Para quem não conhece Go, saiba que não existe um "GIL" como há no Python, que permite rodar diversas threads com relativa facilidade e segurança. Em Go, se duas goroutines manipularem os mesmos dados sem proteção, vai dar bolo. O toolchain Go tem recursos para detecção desse tipo de bug, mas o bug tem de acontecer para ser detectado, e bugs de paralelismo são "gatos de Heisenberg".
Como disse no artigo anterior, eu preferiria que as goroutines fossem mais parecidas com os "processos" ou "Actors" do Elixir. Mas se os próprios criadores do Go vendem-no como um "C melhorado", é preciso conformar-se com a natureza crua das goroutines. São ferramentas para criar outras ferramentas. Ademais, já existem bibliotecas Go que implementam Actors, é algo que pretendo revisitar no futuro.
Como já disse anteriormente, sou fã do "jeito Unix" de fazer as coisas. Uma única thread, nenhum problema de paralelismo. Até escrevi meu próprio event loop.
Mesmo sem paralelismo, não é trivial escrever um event loop, e de vez em quando pego um bugzinho no meu código. Quando o programa responde a um evento, pode fazer alguma coisa que afete outros eventos, talvez os próximos eventos não façam mais sentido.
Por exemplo, quando uma conexão fecha, todos os timeouts relacionados a ela devem ser cancelados. Mas um deles acabou de disparar. Como providenciar para esse evento não seja mais entregue, uma vez que agora ele é indesejado, ou mesmo inesperado? Se o event loop implementar uma máquina de estado, é uma camada adicional de conflitos, de decisões sobre o que deve acontecer antes ou depois do quê.
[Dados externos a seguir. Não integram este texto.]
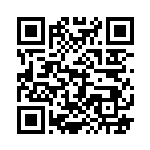 QR Code: /public/read_me/index/19674/file_list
No processo de reescrita do projeto alarme-intelbras, procurei construir um framework, robusto o suficiente para ser reutilizado, e que não seja tão radicalmente diferente do "event loop" com que estou acostumado.
A bem da verdade, o protocolo da central de alarme é bem simples, não precisaria dessa camada de abstração, mas aí não teria graça, né?
Do ponto de vista do usuário, a vida é simples, e gira em torno de um canal de eventos. ("Usuário" aqui é no sentido de "usuário do framework", ou seja, o código-fonte de nível mais alto, com as regras de negócio.)
Para ilustrar, segue um recorte do tratador de conexão de rede:
for evt := range t.tcp.Events { switch evt.Name { case "Recv": ... t.parse() ... ... case "SendEof", "RecvEof", "Err": fmt.Println("Conexão terminada ", evt.Name) t.tcp.Close() } } fmt.Println("TratadorReceptorIP: fim")
A ideia é que todos os eventos relativos à conexão cheguem através de um único canal. Isso garante que, dentro do contexto de uma conexão, o usuário não tem de lidar com questões de paralelismo. Lida-se com um evento de cada vez, de forma serializada.
O mais provável é que o usuário dedique uma goroutine por fila de eventos, para que diversas conexões possam correr em paralelo. Mas, se for alérgico a paralelismo, poderia "enfeixar" todos os eventos de todas as conexões, e lidar com todas elas em uma única goroutine. (Mais sobre essa técnica depois.)
Se o usuário quiser usar goroutines extras no contexto de uma conexão... aí as questões de paralelismo que possam surgir dessa escolha são de responsabilidade dele.
Quando a conexão termina, todos os timeouts associados são cancelados, e o canal Events é fechado. Isso permite o uso do idioma for...range sem um break explícito.
Por outro lado, exigimos que o usuário feche explicitamente a conexão com Close(). É garantido que, depois dessa chamada, nada mais pode acontecer. O canal de eventos é drenado e fechado. (Por outro lado, enquanto Close() não for invocado, o canal de eventos pode continuar a ser usado, mesmo que a conexão já não exista no nível da rede.)
Fora os eventos de timeout, nomeados livremente, os eventos de rede são: Connected, Recv, Sent, RecvEof, SendEof, Err. O evento Sent permite manter o buffer de transmissão sempre alimentado. Em protocolos de baixa vazão, menos exigentes, como é o caso da central de alarme, o evento Sent pode ser ignorado.
O objeto^Wstruct TCPSession só possui três métodos públicos: Send() e Close() para rede, e Timeout() para criar um timeout atrelado à sessão.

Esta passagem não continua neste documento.